Most importantly, YEAY!! for your guest post on Motherlode! Just read it and it is a fabulous rebuttal to all of the misguided assumptions about ESP out there - thank you! (should have read it before my last comment, really, since you basically say all that there in that guest blog post :-D)
Many thanks, as always, for your comments. I can't tell you how much it means to me to hear that a couple can successfully do this, that women do not have to worry about giving up their economic autonomy, that children can have the benefit of a dad fully engaged and helping them with their lives.
I only wish there were more men willing to do this, less discrimination against women in earning, and less discrimination against men who attend to their family responsibilities.
Thank you for this Article. Fathers’ right to be a meaningful part of their childrens’ lives, have been eroded to the point of non-existence. My research suggests that this is a phenomenon consistent throughout the industrialized nations. Children who are alienated from their fathers are more likely later in life to have emotional/behavioral problems, suffer from depression, drop out of school, fail in their jobs, and suffer from other social problems. I invite you to visit my site devoted to raising awareness on this growing problem: http://fathersprivilege.blogspot.com/
Yea Marc! Bust those myths! Shoot, we're too busy to waste time keeping score over here. In fact, I would say sharing everything has made both of us more grateful to the other and more sensitive and motivated about doing our share. Cultural stereotypes die hard though - even our close friends who know how we operate default into calling or emailing me first for anything related to our daughter. I just include my husband on the next email or call and move on.

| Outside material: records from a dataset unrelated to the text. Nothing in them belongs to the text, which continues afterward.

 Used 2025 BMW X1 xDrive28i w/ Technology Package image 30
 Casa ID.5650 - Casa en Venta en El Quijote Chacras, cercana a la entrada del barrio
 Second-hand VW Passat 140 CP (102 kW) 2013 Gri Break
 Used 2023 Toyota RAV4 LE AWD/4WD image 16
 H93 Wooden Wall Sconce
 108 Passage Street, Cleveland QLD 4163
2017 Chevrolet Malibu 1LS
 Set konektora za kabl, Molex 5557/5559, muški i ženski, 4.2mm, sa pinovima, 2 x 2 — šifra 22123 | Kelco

Author, This is Not How I Thought It Would Be: Remodeling Motherhood To Get the Lives We Want Today
Really there is too much to do, and so little time to do it that as long as both parents are doing something then you're just wasting valuable time if you're keep score.
As I read the passage about societal presumptions the local childcare came to mind, who are constantly saying "can you tell your wife..." when it is me who takes care of most of the childcare related things.
Great post, and I'm eagerly awaiting the arrival of your book in the post!
Bummer that you call your site "father's privilege" If you had said, father's role, or something less presumptuous you might get my interest. I think we're all done with men trying to assert privilege just by being men (and women as well in their role as mothers). That's what I suspect Equally Shared Parenting is all about. No room for superiority complexes here.